As logical as that may sound, unfortunately it is not true. If we could tell what a tester had * heard*, the game would be over as we would know with 100% certainty what is audible! Alas, we can't. We don't have ESP and hence no knowledge of what the person heard. What we know is how they voted. Those are not the same things although very well could be.
A good example is the DVD Forum double blind tests to determine the high definition video codec for HD DVD (which later became that of Blu-ray). In that test, a number of codecs were being tested against the original in a side-by-side display of the original on one side and the one under test, on the other. In the mix was also the original itself as a control. The scale was something like 1 to 5. The original got a score of ~4.7 or something like it. Clearly no tester "saw" a difference between it and the original because by definition it was the same file. What then explains the difference? One of two things occurred: the tester imagined seeing a difference. Or more likely, he saw no difference but gave it a low score anyway under the assumption that all the samples were degraded and he did not want to be the only schmuck who didn't see it!
The story gets better. In one test, one of the codecs actually scored higher than the reference itself!
Human psychology and bias is at play even in double blind tests. And males can be terrible this way and corrupt test results as they tend to want to "win" any competition to find the right answer. I hope one day we can discover what you say: the ability to determine what is being heard. We have to get the person voting out of the equation. This is why if we can show something with measurement and math, it is much more preferable than relying on tests where we can't as easily as above determine incorrect voting.
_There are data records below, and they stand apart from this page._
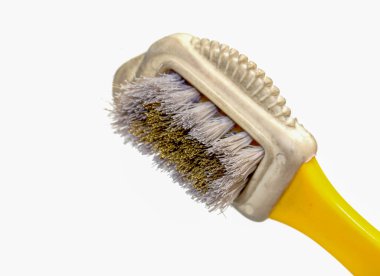 A yellow and white toothbrush with a white handle and a white and gray brush head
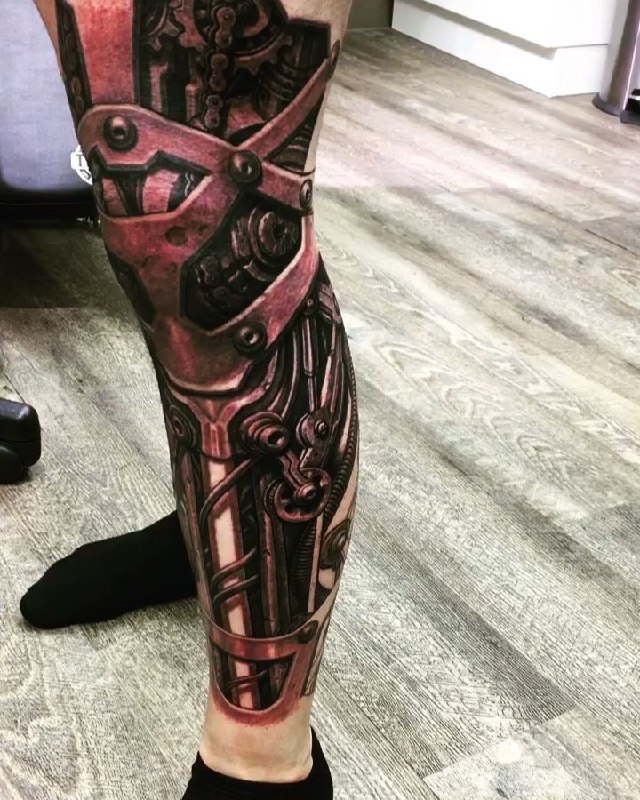 Colored tattoo in the style of biomechanics on the leg for men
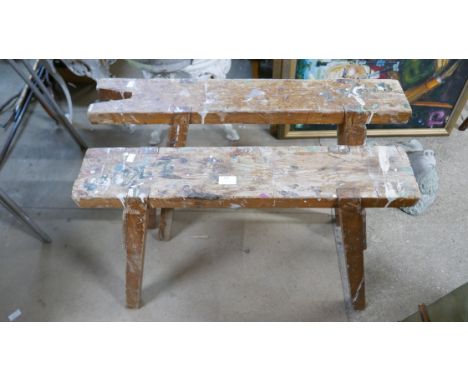 A pair of vintage wood saw benches 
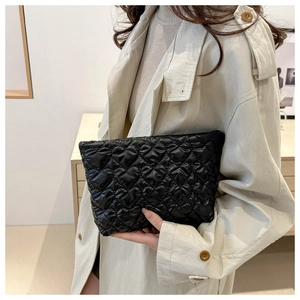 Close-up of black quilted clutch bag with heart-shaped stitching and glossy fabric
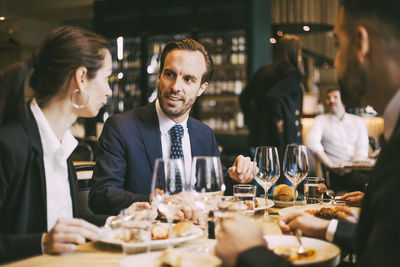 Business coworkers talking while having lunch at restaurant
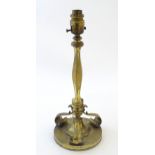 A 20thC brass lamp base with column detail and scrolled supports. Approx. 14 1/2" high Please Note -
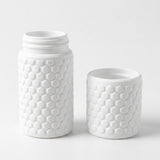 A white textured bottle with a matching small cup or lid piece, both featuring a raised honeycomb pattern, photographed on a clean white background.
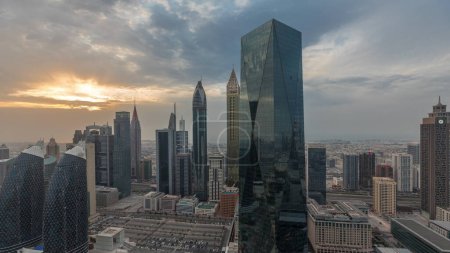Téléchargez les photos : Coucher de soleil sur le centre financier de Dubaï avec des gratte-ciel de luxe timelapse, Dubaï, Émirats arabes unis. Vue panoramique aérienne avec ciel orange et tours autour d'un grand parking - en image libre de droit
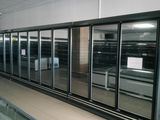 many refrigerators that are lined up in a room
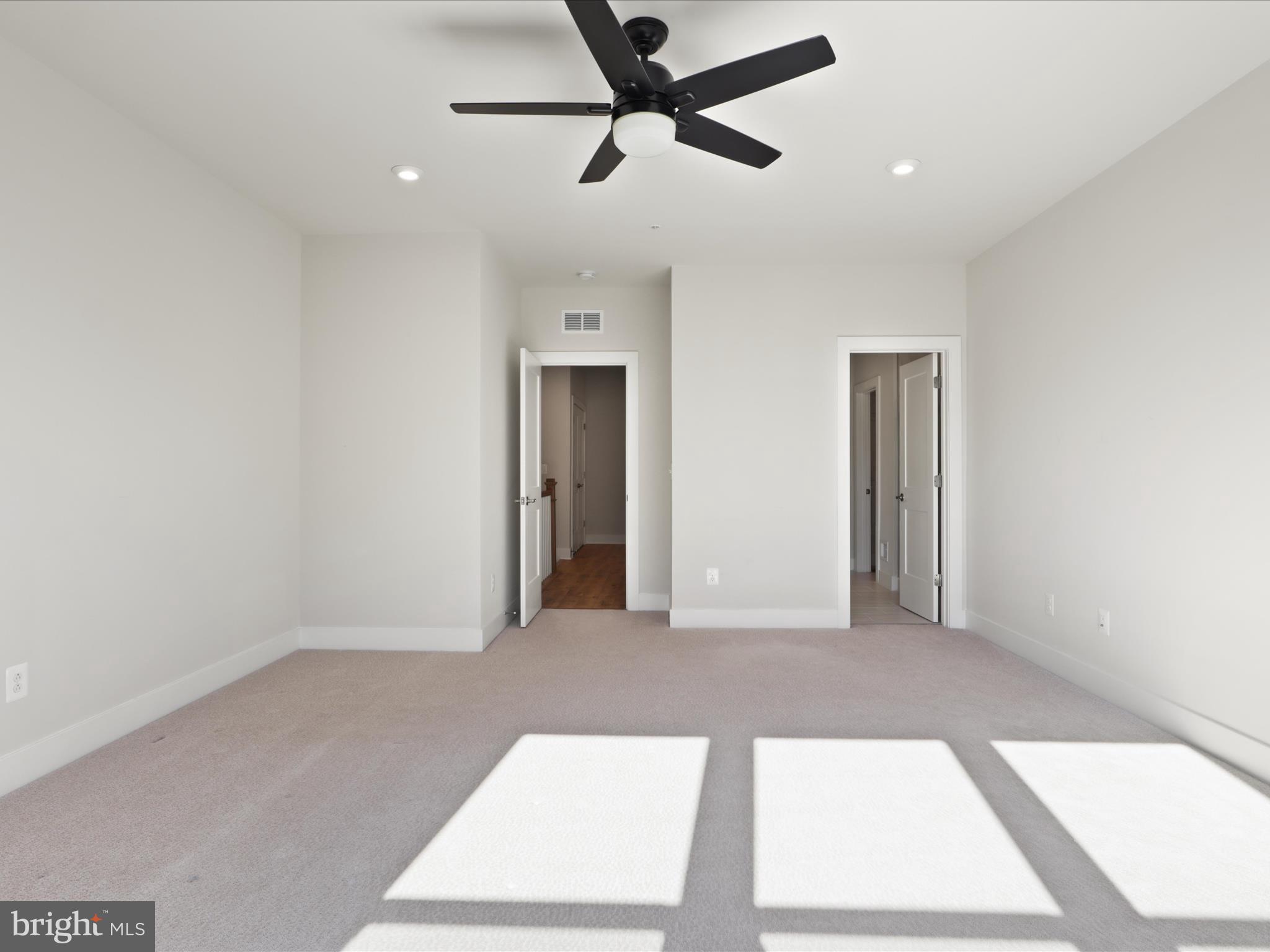 1696 Bandit Loop Reston, VA 20190 - Photo 11 of 38 a view of a hallway with a ceiling fan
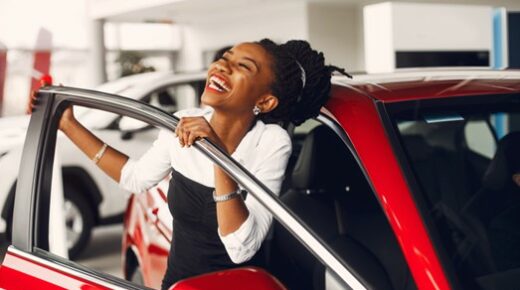 A woman smiling while leaning out of an open car door.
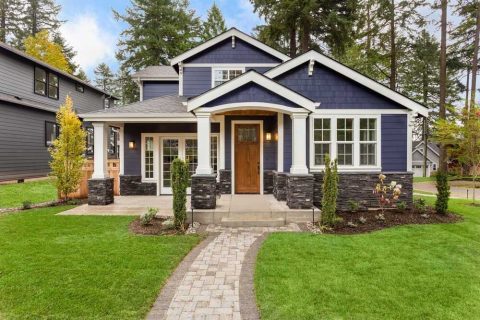 Modern blue house with white trim and stone accents, surrounded by lush green lawn and trees.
The flaw with this little anecdote is that the facts seem to relate to a DBT that was not ABX, and was probably some form of ABC/hr or ABCD/hr, MUSHRA etc.
The alleged flaw with the cited test that was found cannot possibly happen in ABX tests.
In an ABX test, the listener has to identify an unknown sample X as being A or B, with A (usually the original) and B (usually the encoded version) available for reference. The outcome of a test must be statistically significant. This setup ensures that the listener is not biased by his/her expectations, and that the outcome is not likely to be the result of chance. If sample X cannot be determined reliably with a low p-value in a predetermined number of trials, then the null hypothesis cannot be rejected and it cannot be proved that there is a perceptible difference between samples A and B. This usually indicates that the encoded version will actually be transparent to the listener.
In an ABC/HR test, C is the original which is always available for reference. A and B are the original and the encoded version in randomized order. The listener must first distinguish the encoded version from the original (which is the Hidden Reference that the "HR" in ABC/HR stands for), prior to assigning a score as a subjective judgment of the quality. Different encoded versions can be compared against each other using these scores.
In MUSHRA (MUltiple Stimuli with Hidden Reference and Anchor), the listener is presented with the reference (labeled as such), a certain number of test samples, a hidden version of the reference and one or more anchors. The purpose of the anchor(s) is to make the scale be closer to an "absolute scale", making sure that minor artifacts are not rated as having very bad quality.
The Wikipedia article seems to be sufficient to make the differences in terms of purpose and execution among these three kinds of testing clear enough to the average reader. Somehow Amir missed the boat.